By Elizabeth Low and Alex Longley
Up to this point, the production curbs have been effective. Crude rallied almost 90% last month, a record gain, as reduced supply helped to offset the demand losses from the coronavirus outbreak. A key oil spread that helps dictate the flow of crude from regions including the North Sea and West Africa turned positive for the first time since March on Monday, the latest sign that crude’s recovery isn’t just financial-driven.
“The prospect of OPEC+ advancing its meeting and agreeing an extension rather than tapering of the deeper cuts should support crude’s rally this week,” said Vandana Hari, founder of energy consultancy Vanda Insights.
An earlier OPEC+ meeting would give the producer group more flexibility to change its current production limits as members usually decide their plans for shipping oil for July in the first week of June. The group’s preference is to take short-term measures on cuts as the situation is changing quickly, the delegate said. The coalition – which includes OPEC’s 13 members plus another 10 exporters — has achieved 92% compliance, according to an estimate by data analytics firm Kpler.

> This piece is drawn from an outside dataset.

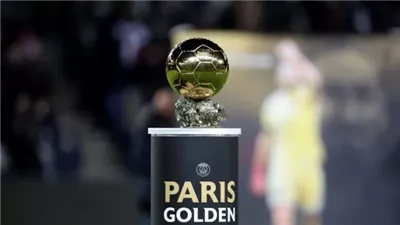 حفل الكرة الذهبية| تداول صورة للفائز بالجائزة لعام 2024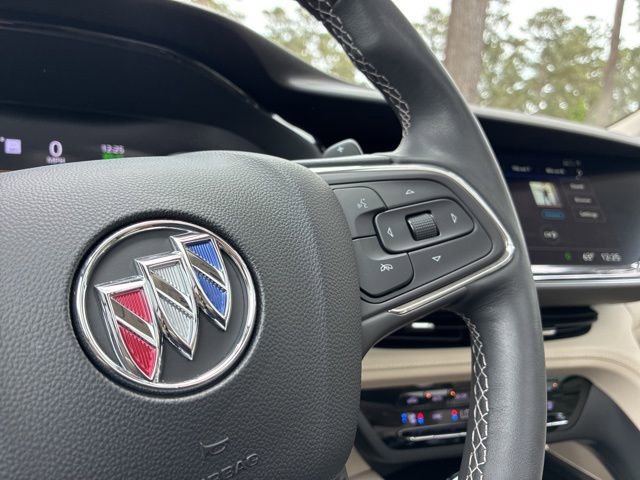 Used 2023 Buick Envision Avenir AWD/4WD image 27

Though crude has rallied there is still evidence of a supply response in the world’s biggest oil producer — America. The number of rigs drilling for oil in the U.S. dropped for an 11th consecutive week to the lowest since 2009, according to data from Baker Hughes. Still, there’s a risk that oil’s continued advance could tempt some producers to turn their taps back on again.
Meanwhile, the U.S. Oil Fund ETF will begin its monthly roll of futures contracts on Monday. The fund plans to sell its July holdings and buy more November and January futures over the next 10 trading sessions.